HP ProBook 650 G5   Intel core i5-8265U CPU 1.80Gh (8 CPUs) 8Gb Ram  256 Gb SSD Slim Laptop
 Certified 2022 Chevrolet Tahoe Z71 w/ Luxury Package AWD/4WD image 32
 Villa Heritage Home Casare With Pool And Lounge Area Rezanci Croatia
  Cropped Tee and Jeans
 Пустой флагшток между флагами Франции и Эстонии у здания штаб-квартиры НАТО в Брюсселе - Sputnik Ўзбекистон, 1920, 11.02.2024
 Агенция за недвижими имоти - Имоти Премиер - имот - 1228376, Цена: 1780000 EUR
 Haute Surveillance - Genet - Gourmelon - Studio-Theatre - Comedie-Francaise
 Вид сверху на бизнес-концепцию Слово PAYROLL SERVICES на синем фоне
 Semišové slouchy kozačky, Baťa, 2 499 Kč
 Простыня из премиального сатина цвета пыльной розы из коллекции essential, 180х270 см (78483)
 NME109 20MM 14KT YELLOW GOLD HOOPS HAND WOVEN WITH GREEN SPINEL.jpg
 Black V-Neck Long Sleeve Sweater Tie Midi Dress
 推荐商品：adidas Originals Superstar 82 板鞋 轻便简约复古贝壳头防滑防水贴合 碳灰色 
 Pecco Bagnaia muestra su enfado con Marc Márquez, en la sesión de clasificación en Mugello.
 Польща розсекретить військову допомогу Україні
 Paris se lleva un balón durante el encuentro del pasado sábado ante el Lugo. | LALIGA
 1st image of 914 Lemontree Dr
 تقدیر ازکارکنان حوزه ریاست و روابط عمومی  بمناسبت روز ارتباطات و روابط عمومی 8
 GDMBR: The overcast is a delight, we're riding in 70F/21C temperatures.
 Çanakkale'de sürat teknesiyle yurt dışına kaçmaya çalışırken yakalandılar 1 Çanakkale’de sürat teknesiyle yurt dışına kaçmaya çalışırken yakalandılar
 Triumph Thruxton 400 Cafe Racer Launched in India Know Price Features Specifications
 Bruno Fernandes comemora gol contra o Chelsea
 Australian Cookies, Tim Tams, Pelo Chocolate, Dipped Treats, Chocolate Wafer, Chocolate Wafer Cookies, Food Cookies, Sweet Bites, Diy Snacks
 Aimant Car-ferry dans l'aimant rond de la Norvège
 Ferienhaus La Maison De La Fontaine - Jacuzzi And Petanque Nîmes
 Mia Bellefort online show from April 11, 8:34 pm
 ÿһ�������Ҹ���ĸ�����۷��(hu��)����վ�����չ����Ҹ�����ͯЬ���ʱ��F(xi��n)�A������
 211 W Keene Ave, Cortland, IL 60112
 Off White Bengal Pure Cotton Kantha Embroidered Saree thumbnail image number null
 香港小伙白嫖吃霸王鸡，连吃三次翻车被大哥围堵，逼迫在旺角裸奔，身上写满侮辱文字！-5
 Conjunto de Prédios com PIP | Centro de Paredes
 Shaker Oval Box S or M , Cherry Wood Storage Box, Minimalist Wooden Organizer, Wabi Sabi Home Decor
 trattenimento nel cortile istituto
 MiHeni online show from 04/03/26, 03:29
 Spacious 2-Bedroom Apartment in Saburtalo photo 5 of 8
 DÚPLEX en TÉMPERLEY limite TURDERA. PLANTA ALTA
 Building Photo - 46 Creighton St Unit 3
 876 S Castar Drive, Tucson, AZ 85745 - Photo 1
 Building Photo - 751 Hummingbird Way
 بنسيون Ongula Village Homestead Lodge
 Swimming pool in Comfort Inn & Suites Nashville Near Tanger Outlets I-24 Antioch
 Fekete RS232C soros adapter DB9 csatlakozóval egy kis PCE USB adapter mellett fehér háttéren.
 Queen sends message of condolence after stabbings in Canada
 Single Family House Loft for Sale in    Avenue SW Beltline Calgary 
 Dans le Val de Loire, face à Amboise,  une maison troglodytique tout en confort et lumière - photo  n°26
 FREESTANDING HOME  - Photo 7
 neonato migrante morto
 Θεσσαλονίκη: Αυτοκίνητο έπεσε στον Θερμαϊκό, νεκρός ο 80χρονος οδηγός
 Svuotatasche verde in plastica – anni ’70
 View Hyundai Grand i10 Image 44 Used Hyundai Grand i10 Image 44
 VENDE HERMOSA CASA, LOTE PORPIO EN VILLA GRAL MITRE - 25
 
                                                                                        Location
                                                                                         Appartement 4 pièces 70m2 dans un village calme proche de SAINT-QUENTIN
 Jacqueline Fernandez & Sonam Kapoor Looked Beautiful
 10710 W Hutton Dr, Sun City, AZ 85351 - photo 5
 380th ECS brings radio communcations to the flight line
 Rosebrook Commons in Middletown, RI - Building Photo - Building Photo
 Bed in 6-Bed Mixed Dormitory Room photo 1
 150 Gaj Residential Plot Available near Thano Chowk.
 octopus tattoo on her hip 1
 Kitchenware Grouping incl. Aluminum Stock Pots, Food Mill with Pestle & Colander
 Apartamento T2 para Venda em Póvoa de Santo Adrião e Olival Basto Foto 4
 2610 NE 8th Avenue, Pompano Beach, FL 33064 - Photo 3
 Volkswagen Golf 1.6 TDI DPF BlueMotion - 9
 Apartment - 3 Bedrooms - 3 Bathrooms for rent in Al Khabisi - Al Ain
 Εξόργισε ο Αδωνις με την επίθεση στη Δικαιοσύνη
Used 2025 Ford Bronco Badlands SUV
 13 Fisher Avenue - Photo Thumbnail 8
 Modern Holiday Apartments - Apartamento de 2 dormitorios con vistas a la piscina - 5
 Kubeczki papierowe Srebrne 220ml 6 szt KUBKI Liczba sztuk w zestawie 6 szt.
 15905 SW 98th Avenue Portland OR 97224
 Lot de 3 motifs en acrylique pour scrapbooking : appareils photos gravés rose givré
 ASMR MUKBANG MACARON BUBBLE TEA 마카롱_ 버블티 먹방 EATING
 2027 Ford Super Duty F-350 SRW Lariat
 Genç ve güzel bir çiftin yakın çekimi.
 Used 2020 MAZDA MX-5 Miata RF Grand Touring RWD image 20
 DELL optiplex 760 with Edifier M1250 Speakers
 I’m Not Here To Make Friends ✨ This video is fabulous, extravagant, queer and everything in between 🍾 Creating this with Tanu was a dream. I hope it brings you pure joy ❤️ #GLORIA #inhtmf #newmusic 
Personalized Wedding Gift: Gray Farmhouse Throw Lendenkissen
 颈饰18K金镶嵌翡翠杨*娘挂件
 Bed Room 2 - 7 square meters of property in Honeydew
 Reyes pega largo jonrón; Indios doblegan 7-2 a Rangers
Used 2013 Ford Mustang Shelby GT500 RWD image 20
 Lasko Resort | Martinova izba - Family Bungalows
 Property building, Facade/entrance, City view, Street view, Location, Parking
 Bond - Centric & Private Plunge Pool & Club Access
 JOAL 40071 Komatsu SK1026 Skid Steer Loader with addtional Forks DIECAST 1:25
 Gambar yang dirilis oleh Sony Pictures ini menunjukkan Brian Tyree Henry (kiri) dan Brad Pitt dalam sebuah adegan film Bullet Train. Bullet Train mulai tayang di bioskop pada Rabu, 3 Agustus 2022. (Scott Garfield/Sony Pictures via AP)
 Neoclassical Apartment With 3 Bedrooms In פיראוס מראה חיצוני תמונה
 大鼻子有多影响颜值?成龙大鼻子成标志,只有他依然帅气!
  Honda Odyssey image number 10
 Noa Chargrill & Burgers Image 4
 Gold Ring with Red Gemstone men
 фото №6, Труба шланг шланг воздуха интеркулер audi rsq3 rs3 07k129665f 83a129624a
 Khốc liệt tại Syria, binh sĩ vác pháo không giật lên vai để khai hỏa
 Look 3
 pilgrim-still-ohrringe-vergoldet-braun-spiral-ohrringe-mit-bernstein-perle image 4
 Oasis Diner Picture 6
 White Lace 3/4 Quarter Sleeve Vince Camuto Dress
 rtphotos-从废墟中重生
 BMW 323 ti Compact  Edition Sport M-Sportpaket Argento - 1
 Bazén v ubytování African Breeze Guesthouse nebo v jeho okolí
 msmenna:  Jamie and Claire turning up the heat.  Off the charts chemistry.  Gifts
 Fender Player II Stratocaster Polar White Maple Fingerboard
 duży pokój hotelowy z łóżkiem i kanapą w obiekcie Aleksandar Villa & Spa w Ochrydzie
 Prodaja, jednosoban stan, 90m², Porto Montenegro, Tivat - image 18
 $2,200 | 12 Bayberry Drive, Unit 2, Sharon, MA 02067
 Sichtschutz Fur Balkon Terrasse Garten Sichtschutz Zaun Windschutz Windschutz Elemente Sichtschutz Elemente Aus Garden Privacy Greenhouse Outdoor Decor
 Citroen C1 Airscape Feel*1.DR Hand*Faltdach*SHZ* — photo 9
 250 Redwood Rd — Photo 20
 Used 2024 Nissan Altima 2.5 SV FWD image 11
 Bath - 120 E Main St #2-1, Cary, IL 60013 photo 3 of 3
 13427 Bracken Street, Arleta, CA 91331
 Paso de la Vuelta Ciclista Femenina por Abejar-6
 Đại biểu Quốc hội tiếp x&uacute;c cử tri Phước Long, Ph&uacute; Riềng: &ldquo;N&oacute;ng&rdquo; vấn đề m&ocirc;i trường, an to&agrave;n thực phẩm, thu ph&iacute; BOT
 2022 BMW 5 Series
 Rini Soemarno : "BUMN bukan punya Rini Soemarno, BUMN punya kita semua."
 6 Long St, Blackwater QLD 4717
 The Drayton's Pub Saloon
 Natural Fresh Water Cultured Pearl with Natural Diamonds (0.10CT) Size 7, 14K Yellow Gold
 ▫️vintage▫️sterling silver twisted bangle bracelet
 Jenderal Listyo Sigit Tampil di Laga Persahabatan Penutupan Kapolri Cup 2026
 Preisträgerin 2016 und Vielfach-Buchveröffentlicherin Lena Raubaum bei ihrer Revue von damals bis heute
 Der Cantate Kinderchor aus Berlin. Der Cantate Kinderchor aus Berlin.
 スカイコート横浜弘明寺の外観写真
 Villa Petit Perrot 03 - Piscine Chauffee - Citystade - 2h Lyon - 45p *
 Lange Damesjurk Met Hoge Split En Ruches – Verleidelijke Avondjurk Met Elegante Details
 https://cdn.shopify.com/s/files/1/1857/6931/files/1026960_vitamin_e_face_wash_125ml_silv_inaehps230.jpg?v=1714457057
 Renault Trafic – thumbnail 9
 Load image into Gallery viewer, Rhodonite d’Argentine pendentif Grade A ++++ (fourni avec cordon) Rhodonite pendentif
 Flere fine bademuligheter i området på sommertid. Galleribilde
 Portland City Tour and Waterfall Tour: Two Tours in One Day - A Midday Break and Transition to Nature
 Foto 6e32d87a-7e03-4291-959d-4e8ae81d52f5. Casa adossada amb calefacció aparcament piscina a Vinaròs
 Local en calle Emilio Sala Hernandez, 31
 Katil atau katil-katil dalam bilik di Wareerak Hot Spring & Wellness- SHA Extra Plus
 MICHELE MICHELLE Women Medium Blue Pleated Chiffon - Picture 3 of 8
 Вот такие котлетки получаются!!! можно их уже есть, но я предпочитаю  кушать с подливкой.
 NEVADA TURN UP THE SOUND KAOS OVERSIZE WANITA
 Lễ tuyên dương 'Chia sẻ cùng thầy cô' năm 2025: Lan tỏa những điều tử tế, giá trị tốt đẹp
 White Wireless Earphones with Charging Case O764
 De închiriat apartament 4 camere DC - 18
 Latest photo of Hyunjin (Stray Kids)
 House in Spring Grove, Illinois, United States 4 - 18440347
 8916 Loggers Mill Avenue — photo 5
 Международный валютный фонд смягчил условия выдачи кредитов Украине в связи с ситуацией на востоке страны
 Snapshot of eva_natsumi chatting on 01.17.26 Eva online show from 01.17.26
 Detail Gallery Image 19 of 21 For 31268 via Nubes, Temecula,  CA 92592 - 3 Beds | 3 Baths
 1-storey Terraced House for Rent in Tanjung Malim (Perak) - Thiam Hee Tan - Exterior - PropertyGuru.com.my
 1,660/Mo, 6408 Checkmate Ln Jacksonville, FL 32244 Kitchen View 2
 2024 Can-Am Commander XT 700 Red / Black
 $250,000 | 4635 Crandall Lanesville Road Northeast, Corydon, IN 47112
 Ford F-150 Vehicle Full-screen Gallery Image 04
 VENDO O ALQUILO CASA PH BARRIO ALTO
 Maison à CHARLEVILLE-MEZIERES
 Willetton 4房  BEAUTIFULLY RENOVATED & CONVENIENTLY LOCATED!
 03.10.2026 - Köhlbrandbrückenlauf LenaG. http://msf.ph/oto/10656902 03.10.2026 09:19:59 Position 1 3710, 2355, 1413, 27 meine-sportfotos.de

****

## Problem requirements
Take the stretch of lines above from the one containing "Cropped Tee and Jeans" through the one containing "推荐商品：adidas Originals Superstar" and repeat it exactly, adding no other line.

## Exercise result
  Cropped Tee and Jeans
 Пустой флагшток между флагами Франции и Эстонии у здания штаб-квартиры НАТО в Брюсселе - Sputnik Ўзбекистон, 1920, 11.02.2024
 Агенция за недвижими имоти - Имоти Премиер - имот - 1228376, Цена: 1780000 EUR
 Haute Surveillance - Genet - Gourmelon - Studio-Theatre - Comedie-Francaise
 Вид сверху на бизнес-концепцию Слово PAYROLL SERVICES на синем фоне
 Semišové slouchy kozačky, Baťa, 2 499 Kč
 Простыня из премиального сатина цвета пыльной розы из коллекции essential, 180х270 см (78483)
 NME109 20MM 14KT YELLOW GOLD HOOPS HAND WOVEN WITH GREEN SPINEL.jpg
 Black V-Neck Long Sleeve Sweater Tie Midi Dress
 推荐商品：adidas Originals Superstar 82 板鞋 轻便简约复古贝壳头防滑防水贴合 碳灰色 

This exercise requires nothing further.